Question

A box B1 contains $1$ white ball, $3$ red balls and $2$ black balls. Another box B2 contains $2$ white balls, $3$ red balls and $4$black balls. A third box B3 contains $3$ white balls, $4$ red balls and $5$ black balls. If $2$ balls are drawn (without replacement) from a randomly selected box and one of the balls is white and the other ball is red, the probability that these $2$ balls are drawn from box B2, is

• A. $\frac{166}{181}$
• B. $\frac{126}{181}$
• C. $\frac{65}{181}$
• D. $\frac{55}{181}$

Answer 1

The correct option is D

$\frac{55}{181}$

Explanation for the correct answer:

Step 1: Given data and variable:

Box B1 contains white balls = $1$, red balls = $3$ and black balls = $2$

Box B2 contains white balls = $2$, red balls = $3$ and black balls = $4$

Box B3 contains white balls = $3$, red balls = $4$ and black balls = $5$

Total number of boxes = $3$

Let A be the event that is one white and the other ball is red.

Let E1 be the event that both the balls are drawn from box B1

Let E2 be the event that both the balls are drawn from box B2

Let E3 be the event that both the balls are drawn from box B3.

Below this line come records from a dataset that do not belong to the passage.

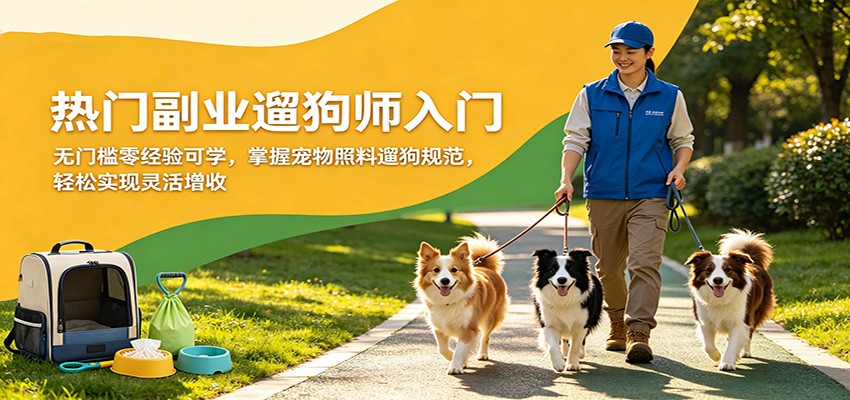 <a href="https://www.zdlhp.com/remen/9257.html" title="闲鱼" target="_blank">闲鱼</a>引流-零基础遛狗师培训课程封面图，展示专业遛狗场景与实操教学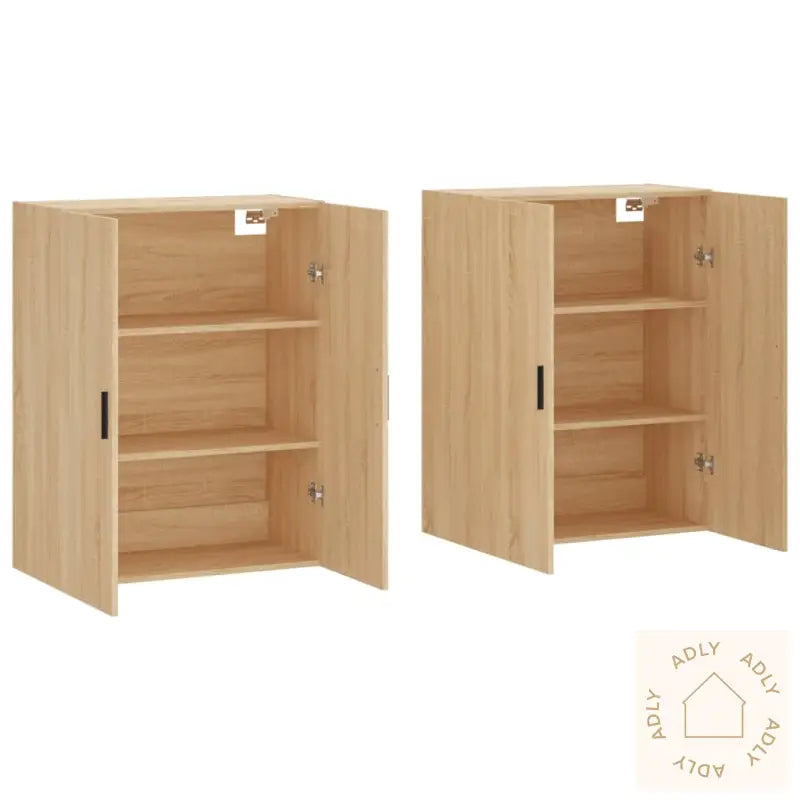 Veggskap 2 Stk Sonoma Eik 69,5X34X90 Cm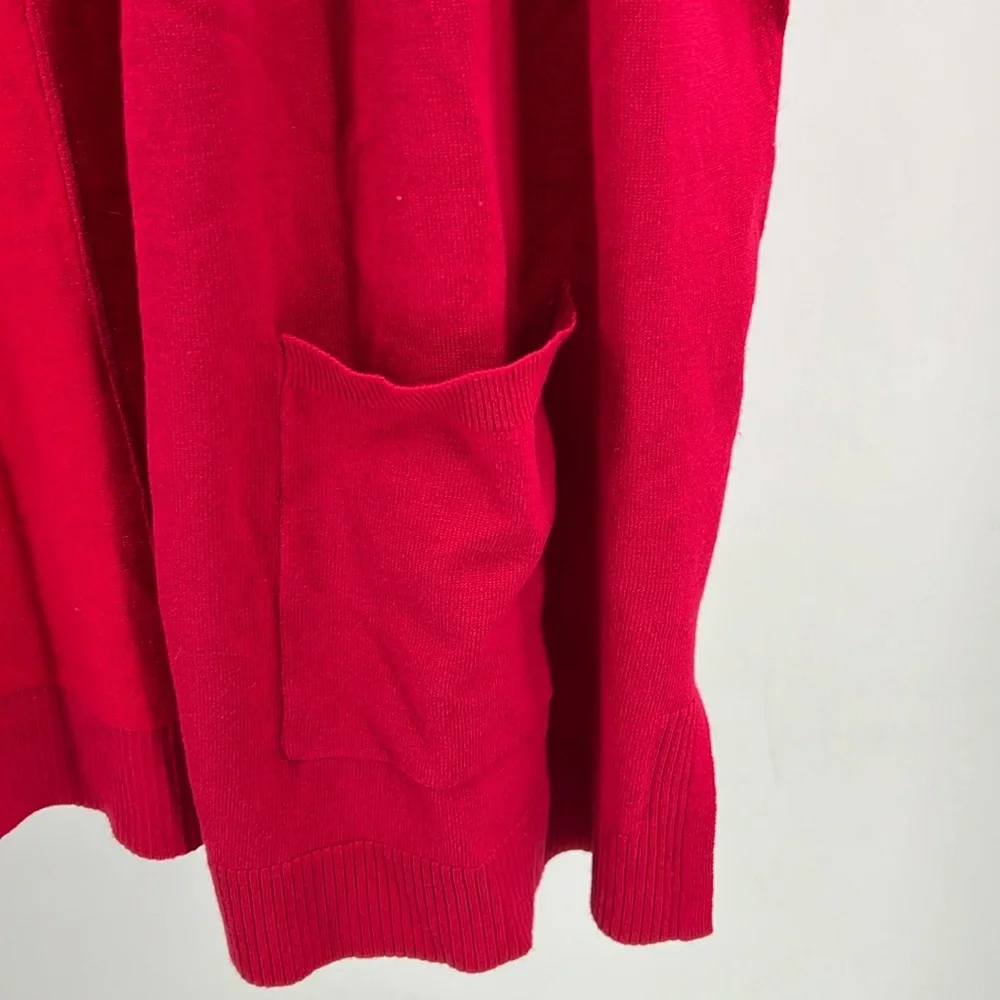 Chicos 2 L red short sleeve open front long line cardigan pockets lightweight - Picture 3 of 8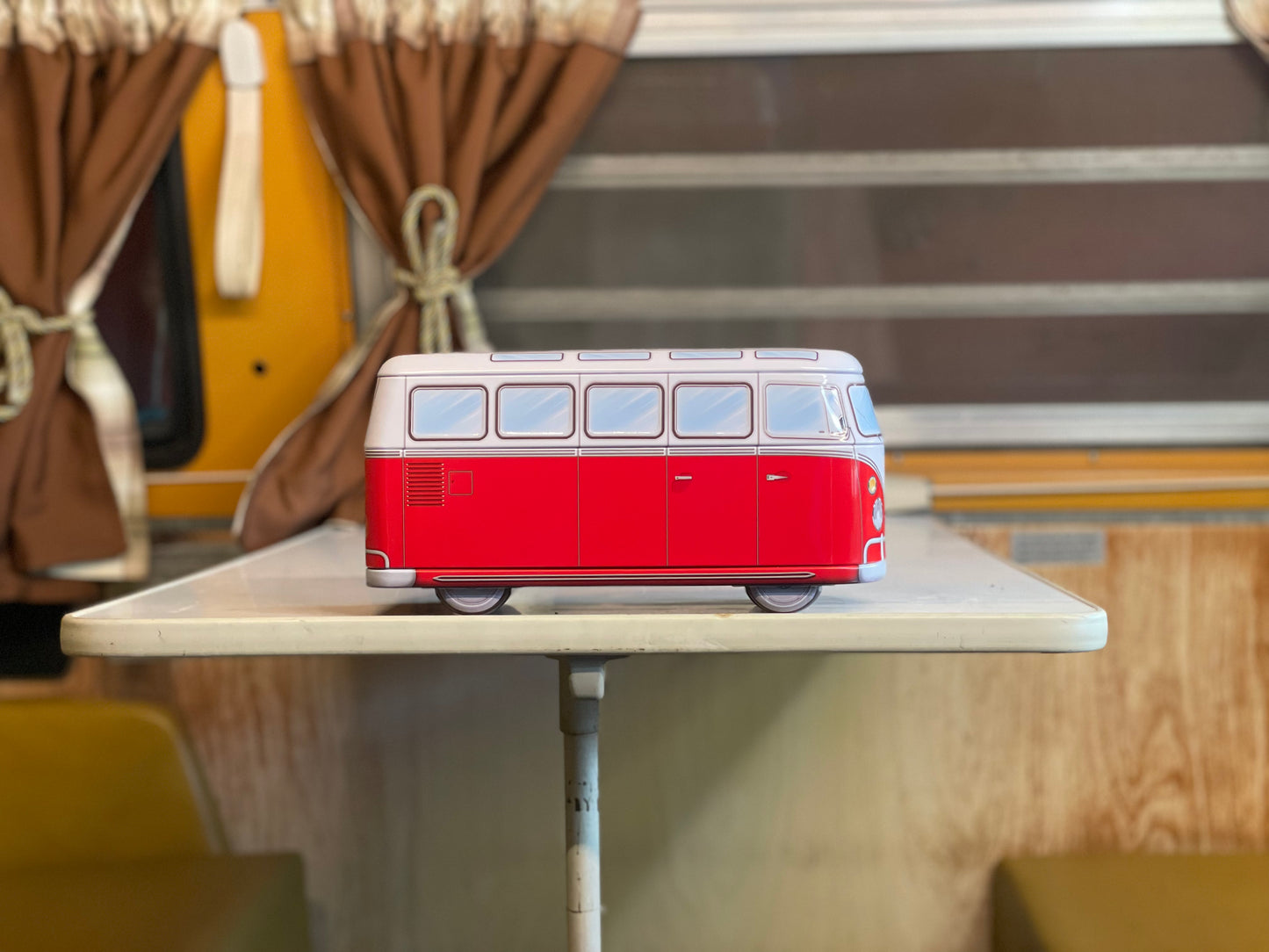 Red VW Bus Metal Storage Tin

Step 2: Finding the probability values for possible events

The probability can be find by using Baye's theorem.

$P\left(A|B\right)=\frac{P\left(B|A\right)P\left(A\right)}{P\left(B\right)}$

The probability of E1 = E2 = E3, P(E) = $\frac{1}{3}$

$$\begin{gathered} P\left(A\right|E2)=\frac{{}^2{C}_1{\times }^3{C}_1}{{}^9{C}_2}, \\ P(A\left|E1\right)=\frac{{}^1{C}_1{\times }^3{C}_1}{{}^6{C}_2}, \\ P\left(A\right|E3)=\frac{{}^3{C}_1{\times }^4{C}_1}{{}^{12}{C}_2}, \end{gathered}$$

Step 3: Finding the probability $P\left(E2|A\right)$

According to Baye's theorem,

$P\left(E2|A\right)=\frac{P\left(A|E2\right)\times P\left(E2\right)}{[P\left(A|E1\right)\times P\left(E1\right)]+[P\left(A|E2\right)\times P\left(E2\right)]+[P\left(A|E3\right)\times P\left(E3\right)]}$

On substituting the values,

$$\begin{gathered} P\left(E2|A\right)=\frac{{\displaystyle \frac{{}^2{C}_1{\times }^3{C}_1}{{}^9{C}_2}}\times {\displaystyle \frac{1}{3}}}{{\displaystyle \frac{{}^1{C}_1{\times }^3{C}_1}{{}^6{C}_2}}\times {\displaystyle \frac{1}{3}}+{\displaystyle \frac{{}^2{C}_1{\times }^3{C}_1}{{}^9{C}_2}}\times {\displaystyle \frac{1}{3}}+{\displaystyle \frac{{}^3{C}_1{\times }^4{C}_1}{{}^{12}{C}_2}}\times {\displaystyle \frac{1}{3}}} \\ =\frac{{\displaystyle \frac{1}{6}}}{\left({\displaystyle \frac{1}{5}}\right)+\left({\displaystyle \frac{1}{6}}\right)+\left({\displaystyle \frac{2}{11}}\right)} \\ =\frac{{\displaystyle \frac{1}{6}}}{{\displaystyle \frac{181}{330}}} \\ =\frac{55}{181} \end{gathered}$$

Hence, option (D) is the correct answer.